If Israel can’t figure out what it wants in the Palestinian conflict, how can we ever expect there to be real progress?

 Firefighters work to put out a fire in a building after Russian bombings on the eastern Ukraine town of Chuguiv yesterday. (photo credit: ARIS MESSINIS/AFP via Getty Images)
Firefighters work to put out a fire in a building after Russian bombings on the eastern Ukraine town of Chuguiv yesterday.
(photo credit: ARIS MESSINIS/AFP via Getty Images)

I heard an analysis a number of years ago by one of Israel’s top intelligence officials, who spoke about the four pillars from which the Jewish state derives its military and diplomatic power.

The first pillar, the former official said, is Israel’s purported nuclear program. The country does not admit that it has nuclear weapons, but neither does it deny it.

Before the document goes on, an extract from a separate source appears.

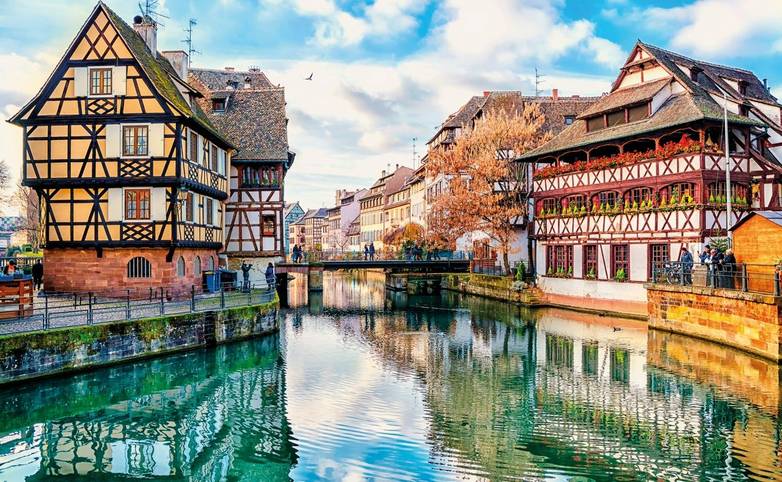 Traditional half-timbered houses on the canals district La Petite France in Strasbourg, UNESCO World Heritage Site, Alsace, …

Everyone thinks Israel does, believes Israel does, and that perception creates deterrence.

The second pillar is the country’s conventional military, otherwise known as the IDF. It is sophisticated and technologically advanced, and far superior in tactics, weapons and ethics in comparison with other militaries across the Middle East.

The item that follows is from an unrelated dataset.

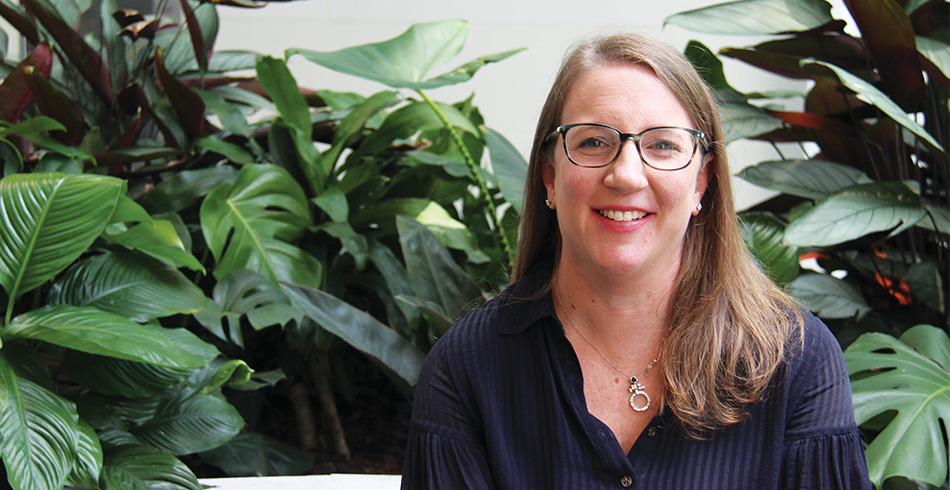 Emma-Roberts CS Energy's Emma Roberts poses smiling in front of lush green foliage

The third pillar is the country’s technology. It is what everyone wants. Part of what helped bring about the Abraham Accords in the summer of 2020 was exactly that: a desire by countries who were once our adversaries to tap into the Israeli ecosystem of innovation, creativity and advancement.

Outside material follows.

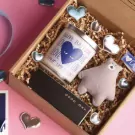Gift box with candle, plush bear, letter board, and heart embellishments on shredded paper.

The fourth and final pillar is Israel’s unique alliance with the United States. It is a relationship exemplified not just by the supply of advanced military platforms, foreign aid, or the vetoing of an anti-Israel resolution at the UN Security Council, but through a history of shared values, morals and culture.

 US PRESIDENT Joe Biden speaks on Tuesday at the White House about the situation in Russia and Ukraine. (credit: KEVIN LAMARQUE/REUTERS) US PRESIDENT Joe Biden speaks on Tuesday at the White House about the situation in Russia and Ukraine. (credit: KEVIN LAMARQUE/REUTERS)

What this fourth pillar means is that when America is strong, Israel is strong, and when America is perceived as being weak, Israel is perceived as being weak. Israel’s enemies know it, and constantly search for that vulnerability.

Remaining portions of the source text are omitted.